Un ladro? La finestra era sigillata.
Mio marito? Mi avrebbe salutata.
Improvvisamente la mia mente pensò all'unica cosa che non avrebbe dovuto pensare: e se non fosse stato un chi, ma un cosa?
Finalmente toccai l'interruttore, ma le mie dita tremanti furono bloccate da un quesito del cervello: accendere e vedere, oppure no?
Il senso di oppressione toracica era invariato, avvertivo un senso di pesantezza post-prandiale.

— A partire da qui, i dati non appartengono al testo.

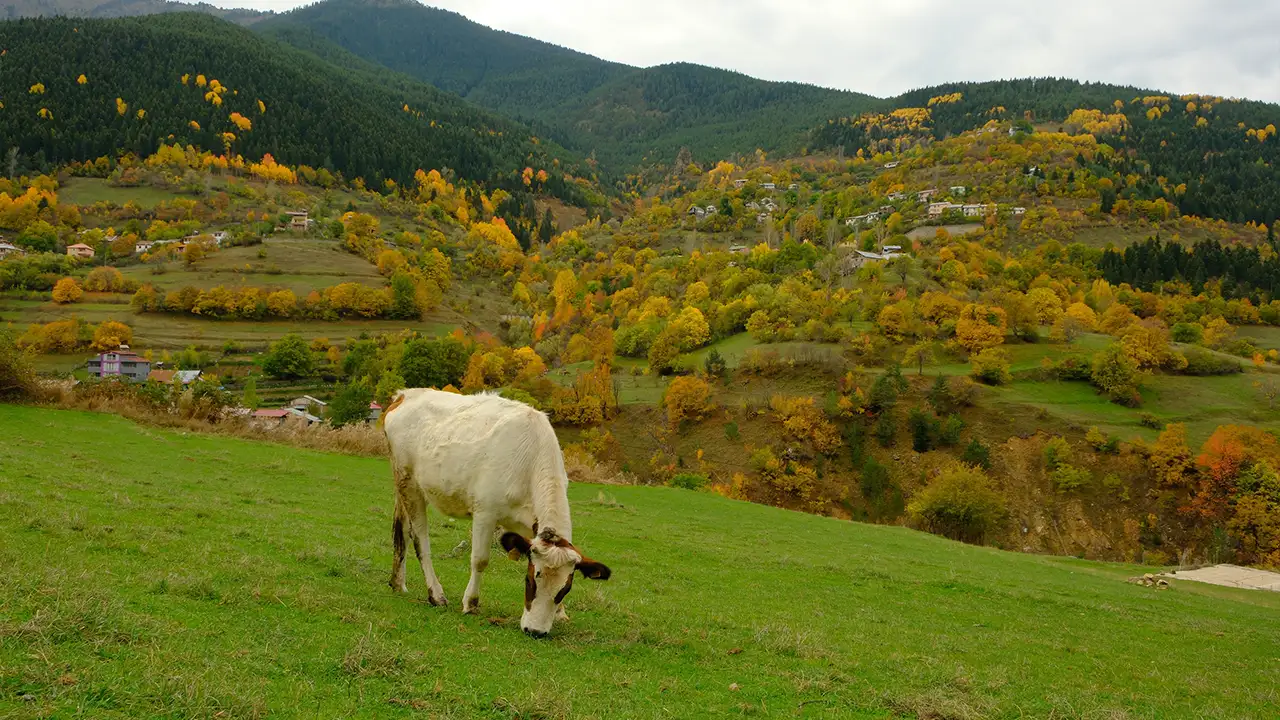 Zigana tünelini bıraktılar, tarihi yolu seçtiler: Zigana köyü sonbaharda göz kamaştırıyor 6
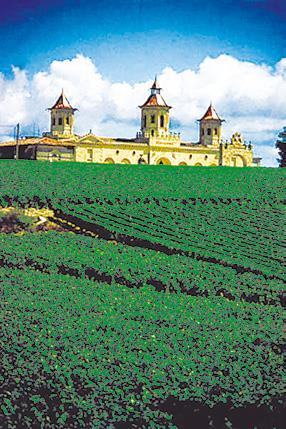 Вина Бордо. С облаков на землю - i_001.jpg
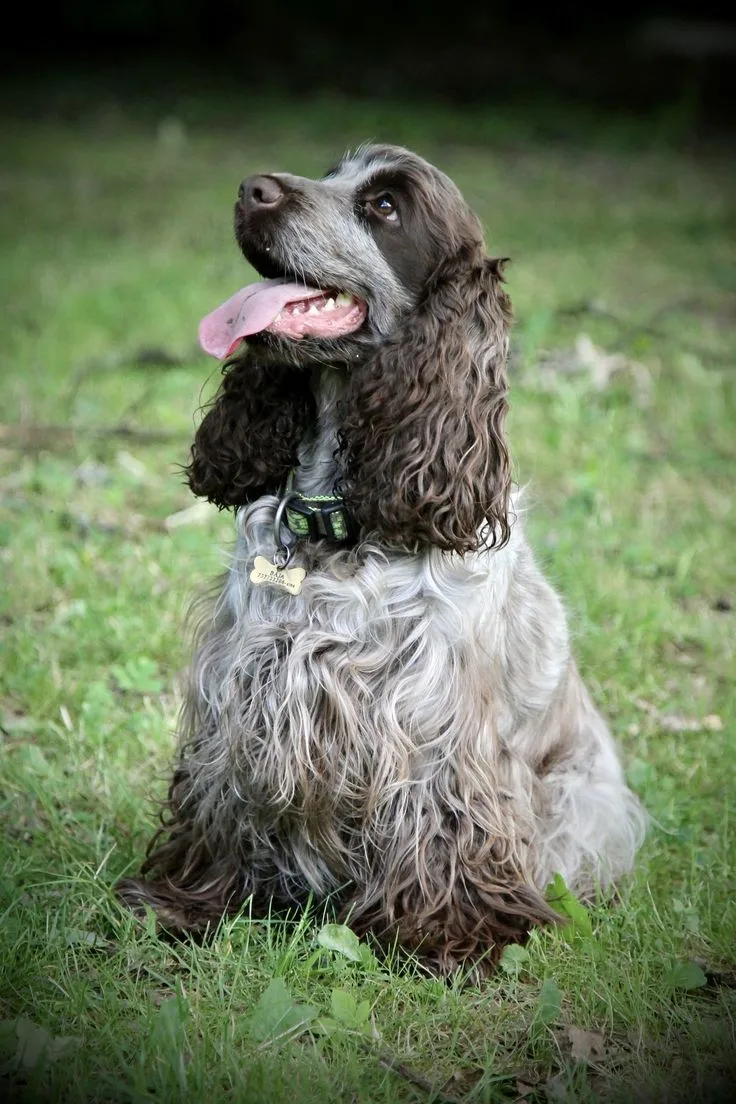 Pont Audemer Spaniel photo 2
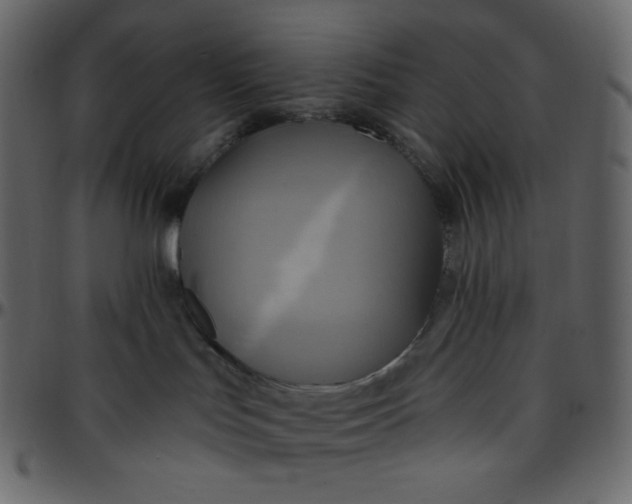 X0000095680047200801221235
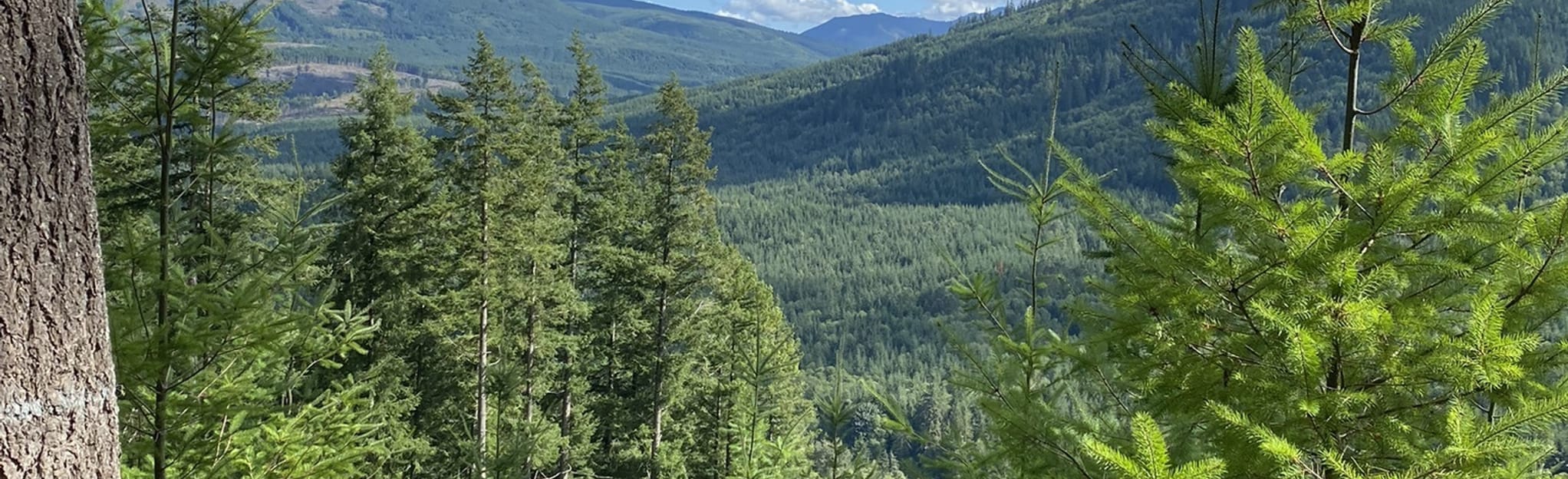 AllTrails Northwest Timber to The Legend and (Lower) East Tiger MTB Trail 111 Reviews, Map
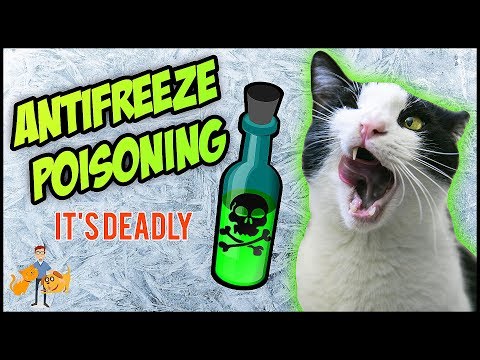 Antifreeze Poisoning In Cats: how much will KILL + can they survive? - Cat Health Vet Advice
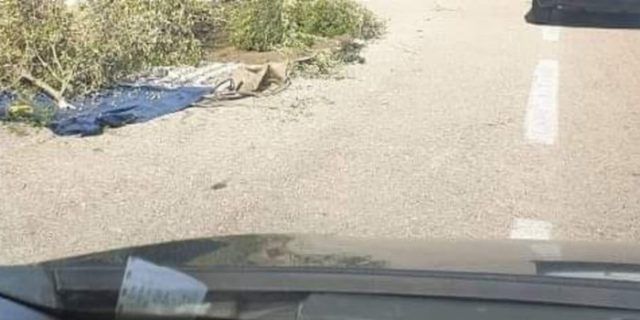 253f0478 e80c 4184 9454 faa72f850d37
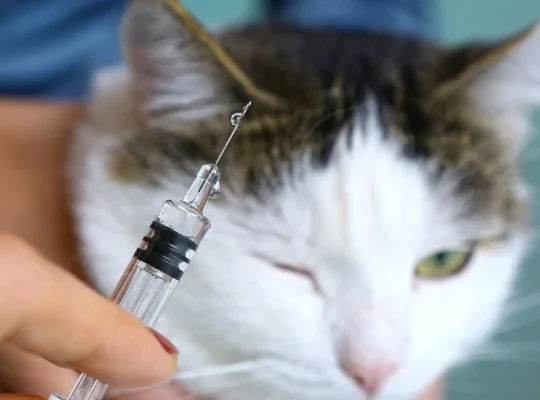 واکسیناسیون گربه خود را انجام داده اید؟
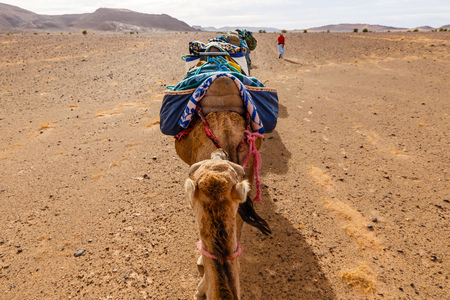 Camel caravan in the Sahara desert, Morocco Africa, view from the back of a camelの写真素材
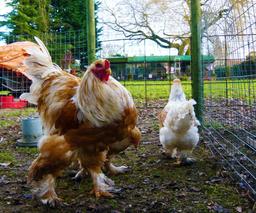 نگهداری از جوجه ها پس از خروج از تخم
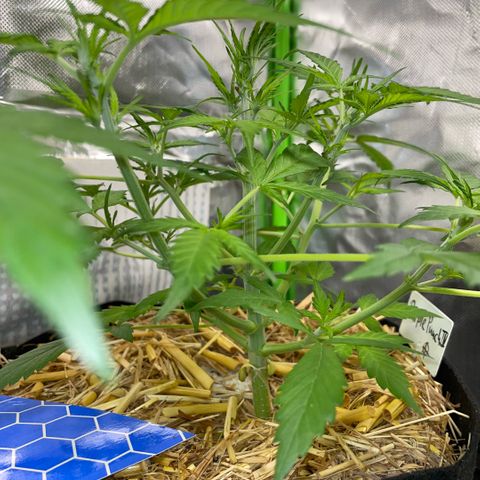 Purple Punch Automatic by KilliczGe growlog timeline photo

Era come se avessi qualcosa sullo stomaco...ma non dentro lo stomaco, no, era proprio sopra, e premeva.
Terrore.
Ancestrale.
Buio.
Cercai di pronunciare il nome di mio marito, ma le corde vocali erano atone, mi uscì un lieve sbuffo, aria espirata attraverso una gola che sembrava anestetizzata.
Quel sibilo ritmico era impercettibile, ma mi provocava una sorta di terrore indescrivibile: era nasale, simile al verso di un'oca che dorme.
Accesi la luce.
Prima che il terrore mi fece urtare l'abat-jour, prima di sentire la base in ceramica rompersi sul pavimento, prima che quei brevi istanti di luce si spensero facendo ripiombare la stanza nel buio, lo vidi.
L'essere.
Era sulla mia pancia, il viso smussato, triangolare, era a pochi centimetri dal mio, gli enormi occhi simili a quelli di una mosca, mi guardarono.
Occhi che mi penetrarono la mente, non erano organi visivi, erano misteriose protuberanze che mi stavano controllando il sistema nervoso centrale: ero bloccata.
Ora non potevo più muovermi.
Stavo sognando?
Sì.
Non potevo aver visto una cosa simile, nella realtà: un essere grigio che, fermo sulla mia pancia, mi guardava, e con un sottilissimo tubo, simile ad un ago, stava penetrando la pelle della mia pancia.
Non stavo sentendo male, non stava accadendo nulla, stavo solo sognando.
I bagliori arancioni che adesso stavano danzando nei miei gangli cerebrali, erano normali reazioni al sonno.
Ero tranquilla.
Mi rilassai.
Avevo solo avuto un incubo, lo stavo vivendo, ma di cosa si può avere paura, quando si capisce che sia tutto frutto di una cena abbondante?
Quel peso sullo stomaco: era cibo, non di certo un essere che, con il respiro simile ad un'oca, mi stava bucando la pancia proprio sotto l'ombelico, con un sottilissimo ago bio-organico.
Una scossa di energia pervase ogni cellula nervosa del mio corpo, sentii delle convulsioni in ogni centimetro di me stessa, mi irrigidii.
Un flash, come quando una stella esplode, ed ancora buio nella mia mente ormai rilassata.
Buio e silenzio.
Nessun suono.
Il peso sullo stomaco era svanito, il respiro dell'oca era cessato, quell'incubo era finito.
Quando suonò la sveglia, una lieve luce solare stava filtrando dalla tenda; la stanza era silenziosa, io mi sentivo riposata, stavo molto bene.
Un incubo.
Sorrisi.
Misi un piede giù dal letto, i detriti dell'abat-jour mi graffiarono la pelle.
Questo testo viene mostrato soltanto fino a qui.